Well, that solution doesn't look very good! Let's optimize the parameters set to vary by maximizing the likelihood.

Initialize a ``radvel.Posterior`` object.

In [None]:
post = radvel.posterior.Posterior(like) # initialize radvel.Posterior object

Choose which parameters to change or hold fixed during a fit. By default, all `radvel.Parameter` objects will vary, so you only have to worry about setting the ones you want to hold fixed.

In [None]:
post.likelihood.params['secosw1'].vary = False # set as false because we are assuming circular orbit
post.likelihood.params['sesinw1'].vary = False # set as false because we are assuming circular orbit
print(like)

Maximize the likelihood and print the updated posterior object

In [None]:
res  = optimize.minimize(
    post.neglogprob_array,     # objective function is negative log likelihood
    post.get_vary_params(),    # initial variable parameters
    method='Powell',           # Nelder-Mead also works
    )

plot_results(like)             # plot best fit model
print(post)

RadVel comes equipped with some fancy ready-made plotting routines. Check this out!

In [None]:
matplotlib.rcParams['font.size'] = 12

RVPlot = orbit_plots.MultipanelPlot(post)
RVPlot.plot_multipanel()

matplotlib.rcParams['font.size'] = 18

## 6. Residuals and Repeat
Residuals are the difference of our data and our best-fit model. 

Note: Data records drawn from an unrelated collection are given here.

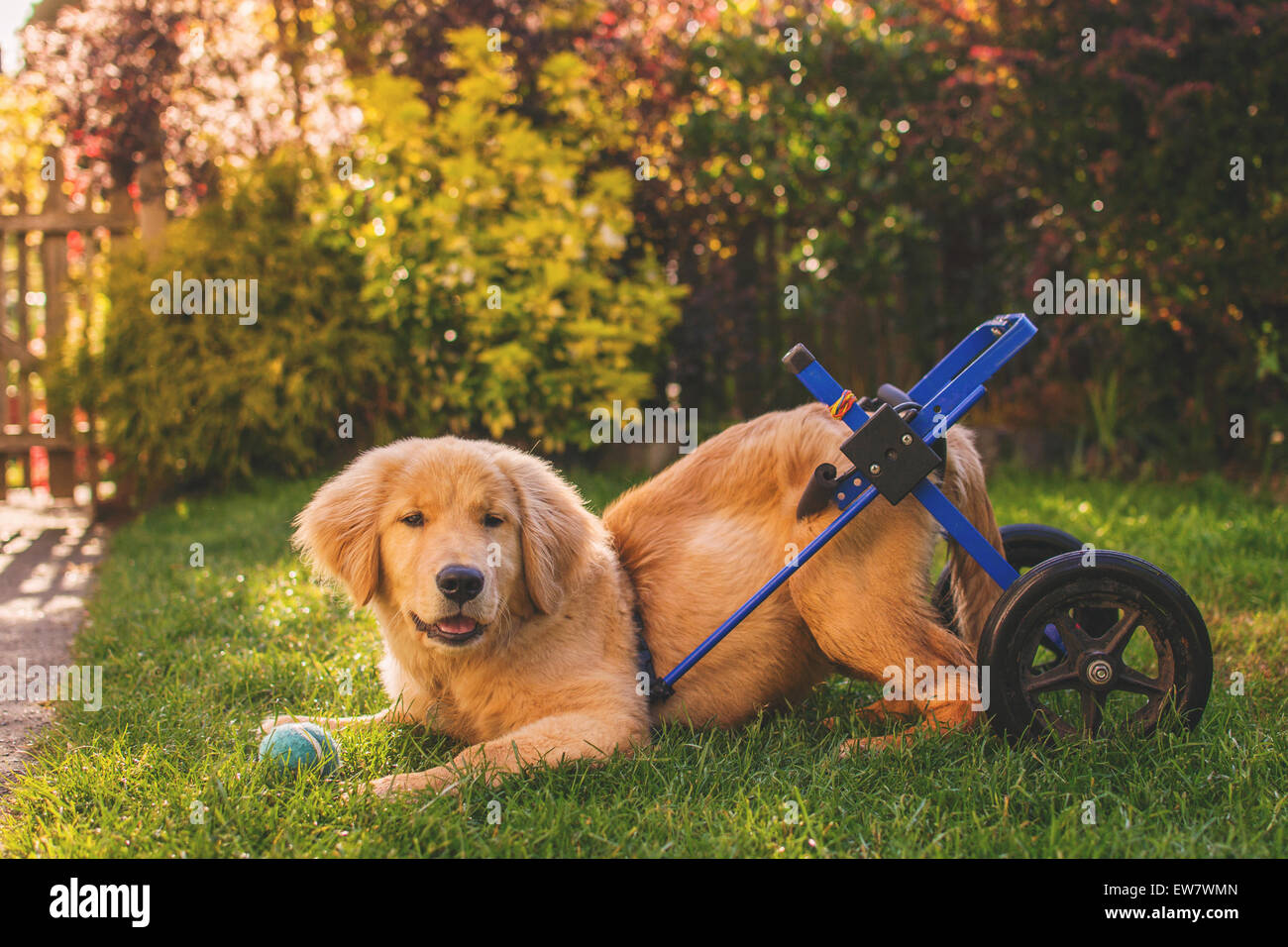Behinderte Golden Retriever n einem Garten mit einem Ball, USA Stockfoto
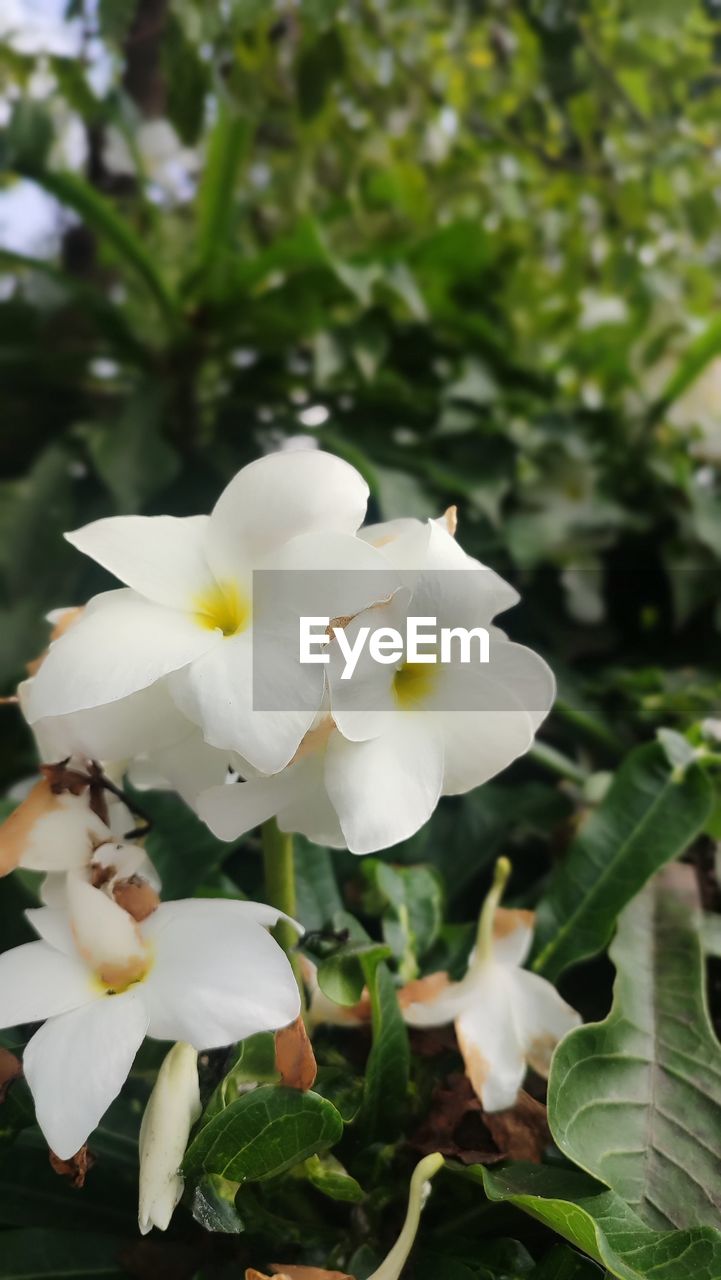 plant, flower, flowering plant, beauty in nature, freshness, petal, white, growth, fragility, flower head, close-up, nature, inflorescence, leaf, plant part, focus on foreground, no people, outdoors, day, blossom, tree, springtime, botany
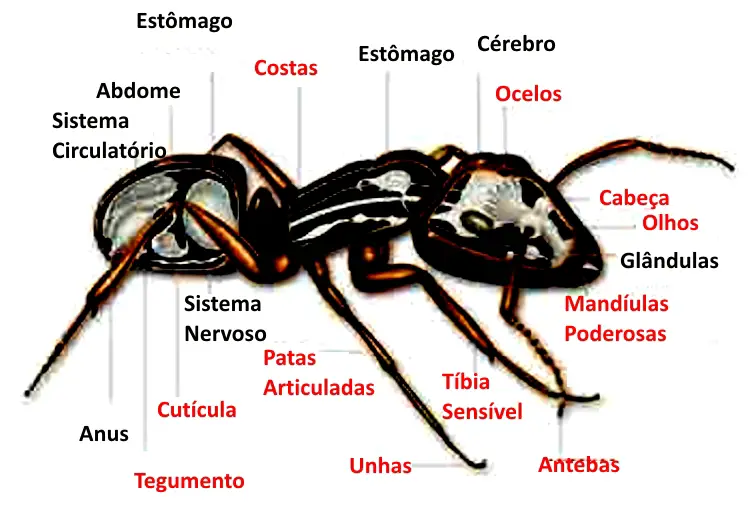 Características Físicas da Formiga 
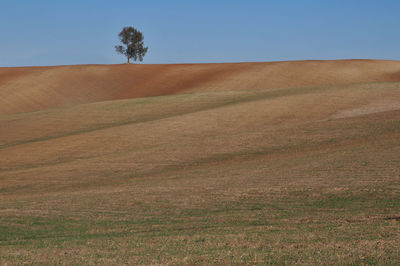 Scenic view of field against clear sky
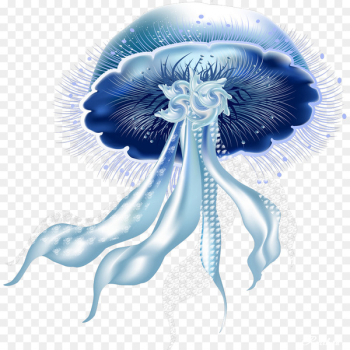 Jellyfish Portable Network Graphics Clip art Image Download - moon jellyfish 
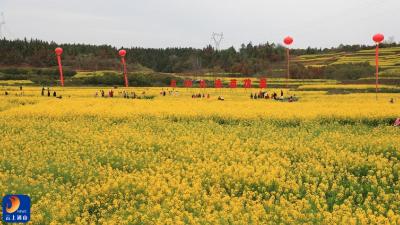 V视丨春满通山花似海 各花争艳迎客来——通山赏花季诚邀八方游客共赴春日盛宴
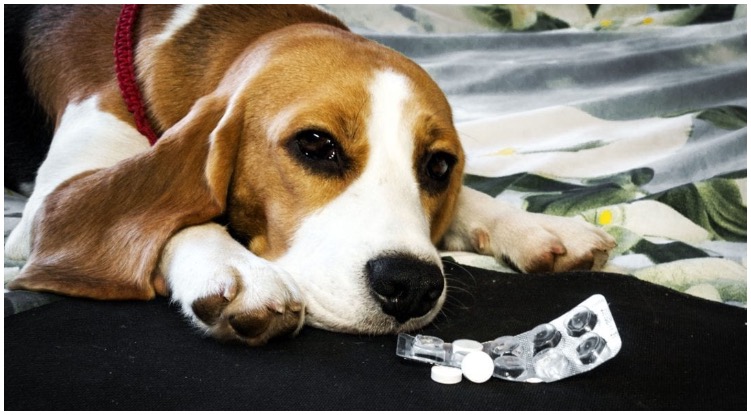 Can You Give Dogs Aspirin?
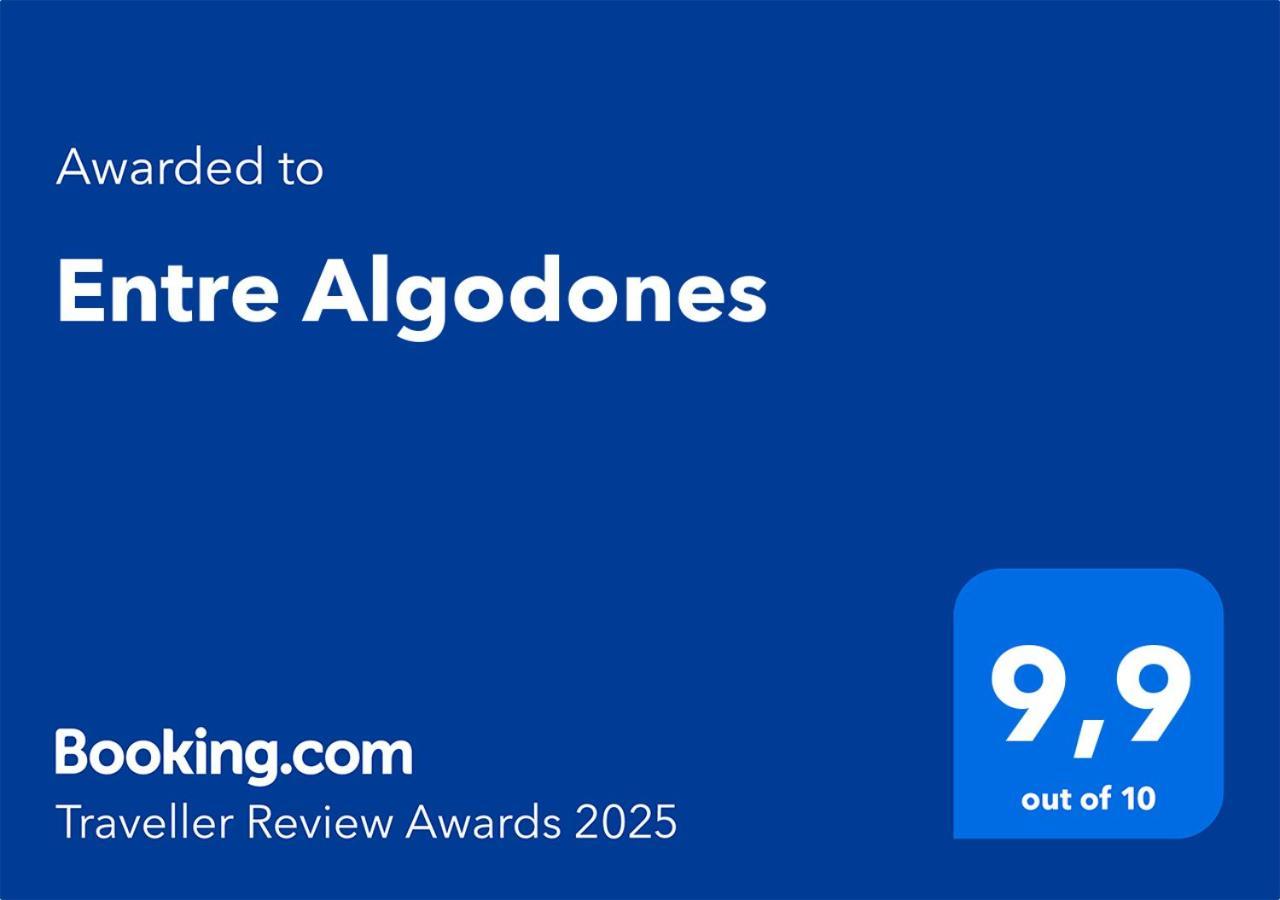 Entre Algodones Apartment *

Next, we will plot the residuals of our optimized model to see if there is a second planet in our data. When we look at the following residuals, we will see a sinusoidal shape, so another planet may be present! Thus, we will repeat the steps shown earlier (this time using the parameters from the maximum fit for the first planet).

In [None]:
residuals1 = post.likelihood.residuals()

# TODO: make a plot of data.time versus `residuals1`. What do you notice? What would you estimate the period 
#  of the other exoplanet in this system to be? Write your answer between the triple quotes below.

"""





"""

Let's repeat the above analysis with two planets!

In [None]:
nyquist = 2 # maximum sampling rate
minPer = 20 # minimum period to look for 2nd planet
maxPer = 30 # max period to look for 2nd planet

#finding 2nd planet period
period2 = periodogram(data.t, data.vel, minPer, maxPer, nyquist) # finding possible periords for 2nd planet

# TODO: why doesn't the periodogram return the period of the first planet? Write your answer between the triple
#  quotes below.

"""






"""

Repeat the RadVel analysis

In [None]:
nplanets = 2 # number of planets

def initialize_model():
    
    time_base = 2420
    params = radvel.Parameters(nplanets,basis='per tc secosw sesinw k')
    
    # 1st Planet
    params['per1'] = post.params['per1']     # period of 1st planet
    params['tc1'] = post.params['tc1']      # time transit of 1st planet
    params['secosw1'] = post.params['secosw1']  # determines eccentricity (assuming circular orbit here)
    params['sesinw1'] = post.params['sesinw1']  # determines eccentricity (assuming circular orbit here)
    params['k1'] = post.params['k1']    # velocity semi-amplitude for 1st planet
    
    # 2nd Planet
    params['per2'] = radvel.Parameter(value=period2)
    params['tc2'] = radvel.Parameter(value=2070.)
    params['secosw2'] = radvel.Parameter(value=0.0)
    params['sesinw2'] = radvel.Parameter(value=0.0)
    params['k2'] = radvel.Parameter(value=1.1)
  
    mod = radvel.RVModel(params, time_base=time_base)
    mod.params['dvdt'] = radvel.Parameter(value=-0.02) # acceleration of star
    mod.params['curv'] = radvel.Parameter(value=0.01)  # curvature of radial velocity fit
    
    return mod


In [None]:
mod = initialize_model() # initialize radvel.RVModel object
like = radvel.likelihood.RVLikelihood(mod, data.t, data.vel, data.errvel, '_HIRES')
like.params['gamma_HIRES'] = radvel.Parameter(value=0.1)
like.params['jit_HIRES'] = radvel.Parameter(value=1.0)

In [None]:
like.params['secosw1'].vary = False # set as false because we are assuming circular orbit
like.params['sesinw1'].vary = False 
like.params['secosw2'].vary = False # set as false because we are assuming circular orbit
like.params['sesinw2'].vary = False 

print(like)

In [None]:
plot_results(like)

In [None]:
post = radvel.posterior.Posterior(like) # initialize radvel.Posterior object

res  = optimize.minimize(
    post.neglogprob_array,     # objective function is negative log likelihood
    post.get_vary_params(),    # initial variable parameters
    method='Powell',           # Nelder-Mead also works
    )

plot_results(like)             # plot best fit model
print(post)

In [None]:
matplotlib.rcParams['font.size'] = 12

RVPlot = orbit_plots.MultipanelPlot(post)
RVPlot.plot_multipanel()

matplotlib.rcParams['font.size'] = 18

In [None]:
residuals2 = post.likelihood.residuals()

# TODO: make a plot of data.time versus `residuals2`. What do you notice?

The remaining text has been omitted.